- Global miners lift Feb’26 ore prices as supply shrinks
- Alloys export prices set to gain on higher ore costs
Indian silico manganese export prices have edged up, driven primarily by rising ore prices from major overseas miners. In addition, miners have been allocating lower-than-required volumes of raw material a shift from earlier practice when supply closely matched buyer demand. This reduction in allocation has tightened the regular availability of ore in the market, adding upward pressure on prices.
At the same time, consistent bulk inquiries from Turkiye, the UAE, and Japan have provided further support to export prices, keeping the market sentiment firm.
BigMint’s assessment on 19 January 2026 reveals silico manganese export prices were slightly higher w-o-w across grades. The 65-16 variant stood at $912/t FOB, up by $2/t w-o-w from $910/t FOB on 5 January, while the 60-14 grade was assessed at $821/t FOB, up by $10/t w-o-w, reached 2 months high.
Market overview
Imported manganese ore prices extend gains: India’s imported manganese ore prices rose for the third straight week, reaching a 10‑month high across grades due to tight supply at exporting ports. Wet‑season disruptions have reduced mine output, while logistics delays in South Africa further constrained availability.

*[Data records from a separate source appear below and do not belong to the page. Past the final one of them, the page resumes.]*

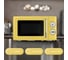Микроволновая печь TESLER MM-2045 YELLOW 00000203599 7
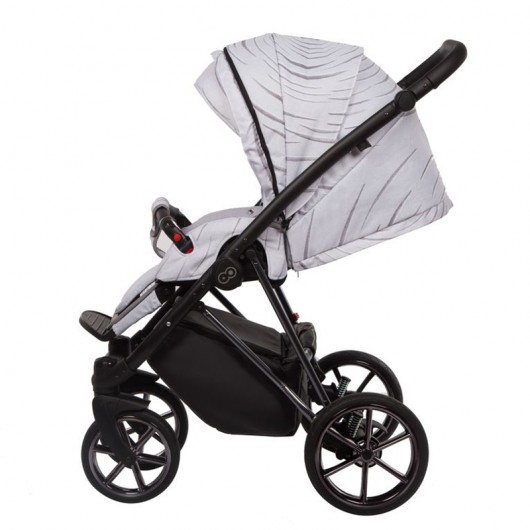 Poussette 3 en 1 Musse - Nacelle - Coque Boss Gris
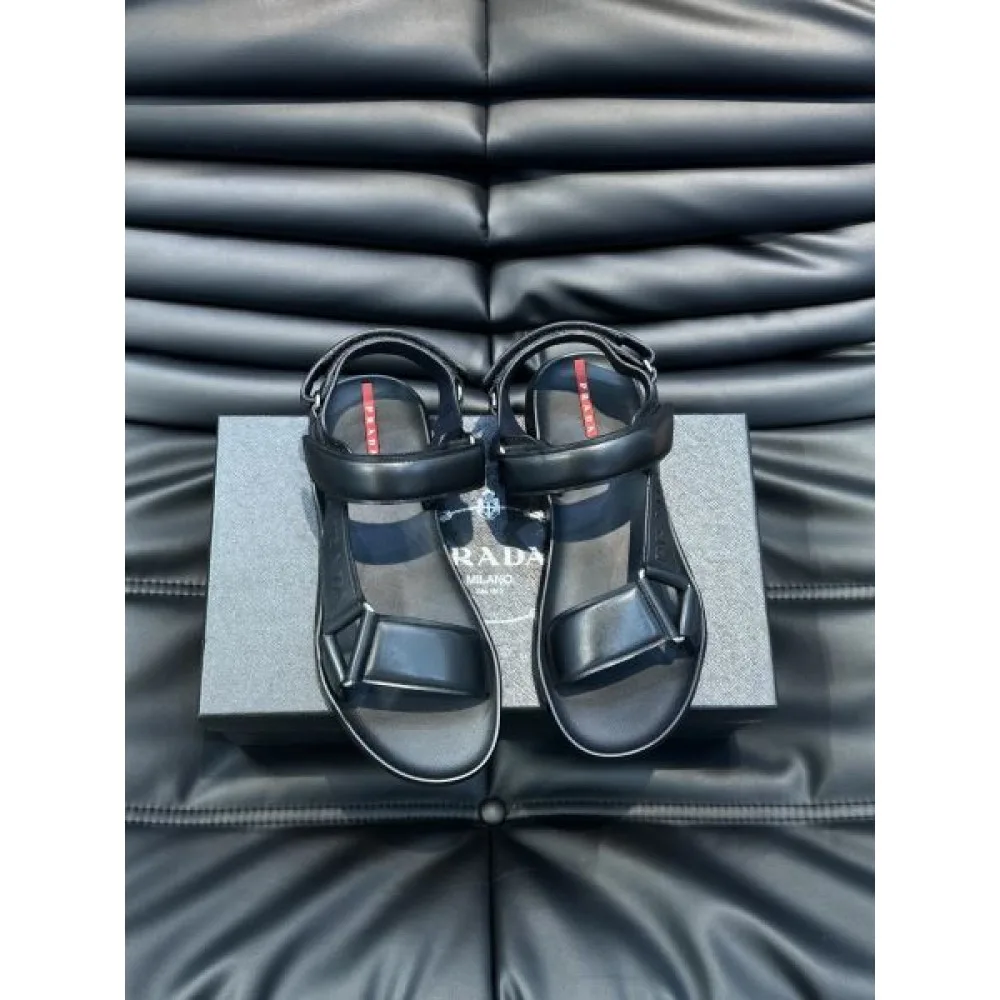 PRADA プラダ 色気のあるスタイルに仕上げ 2026 メンズ用 スリッパ 商品画像 3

Prices (CNF Haldia/Vizag):
- Australia Mn 46%: Up $0.05/dmtu w‑o‑w to $5.52/dmtu
- Gabon Mn 44%: Up $0.05/dmtu w‑o‑w to $5.16/dmtu
- South Africa Mn 37% lumps: Up $0.14/dmtu w‑o‑w to $4.48/dmtu
Global manganese miners raise Feb’26 offers: South32 and Jupiter Mines have raised their February 2026 manganese ore offers amid limited global availability.
- South32 increased its South African Mn 37% ore offer to $4.40/dmtu, up $0.25/dmtu.

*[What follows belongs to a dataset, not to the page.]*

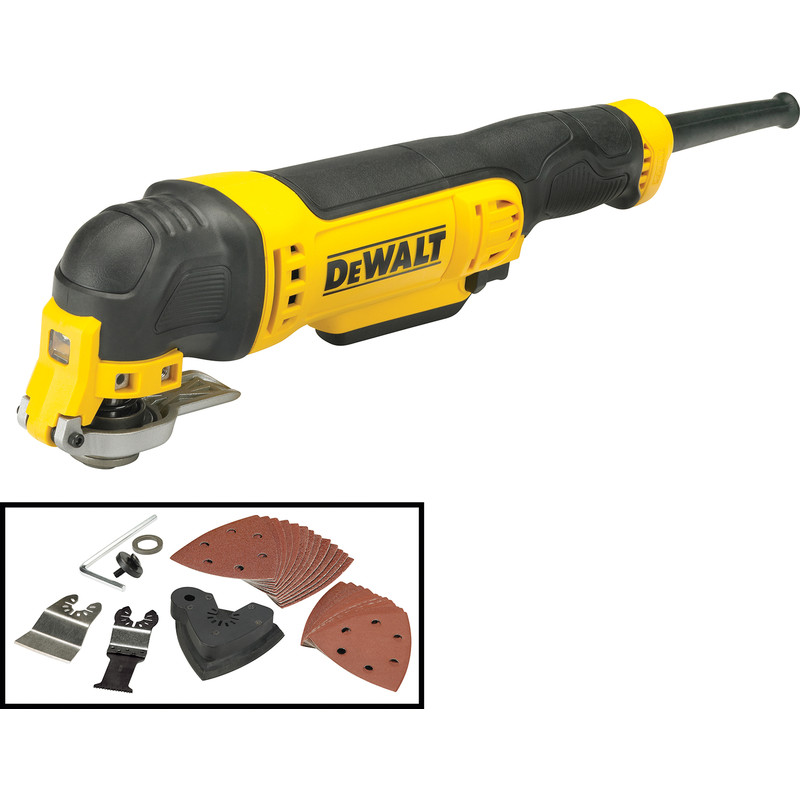 DeWalt 300W Oscillating Tool with Bag 240V Price Comparisons | Compare The Build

- Jupiter Mines set its high‑grade Mn 36.5% semi‑carbonate lumps at $4.32/dmtu CIF China, a $0.17/dmtu increase.
A Durgapur‑based smelter told BigMint that major manganese ore miners are offering reduced volumes at port due to tightening availability. “If we typically procure 8,000 t a month, we are now being allocated only around 5,000 t,” the smelter said, adding that the shortfall is raising concerns over production costs, especially as ore prices continue to firm.

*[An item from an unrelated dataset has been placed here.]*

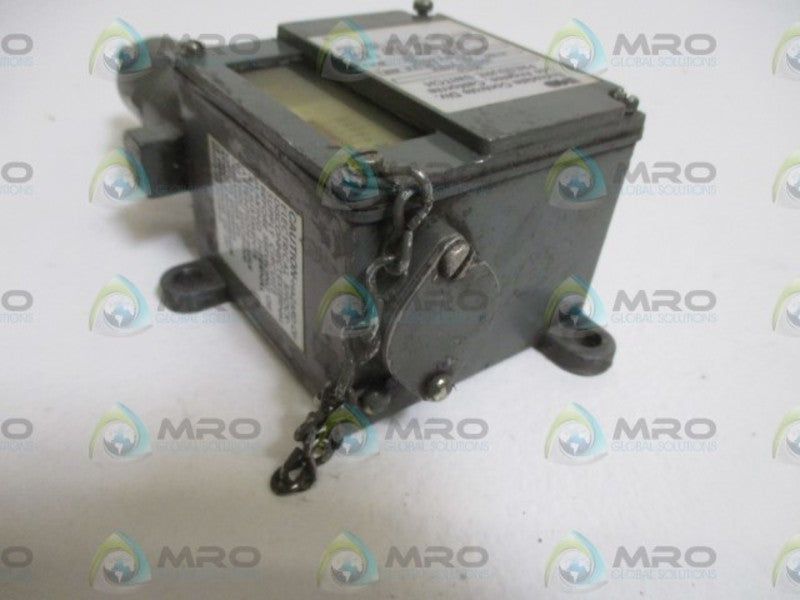 IMO 9675-0 PRESSURE SWITCH  UNMP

The smelter also noted that the European market remains quiet, with buyers yet to resume inquiries after the New Year holidays. “We expect clarity by next week. Bulk inquiries from Europe are likely, and that could shape near‑term demand,” the smelter added.
Outlook
Export prices are likely to gain momentum in the near term, with smelters facing rising ore costs and tightening raw material supply, adding further pressure on production margins.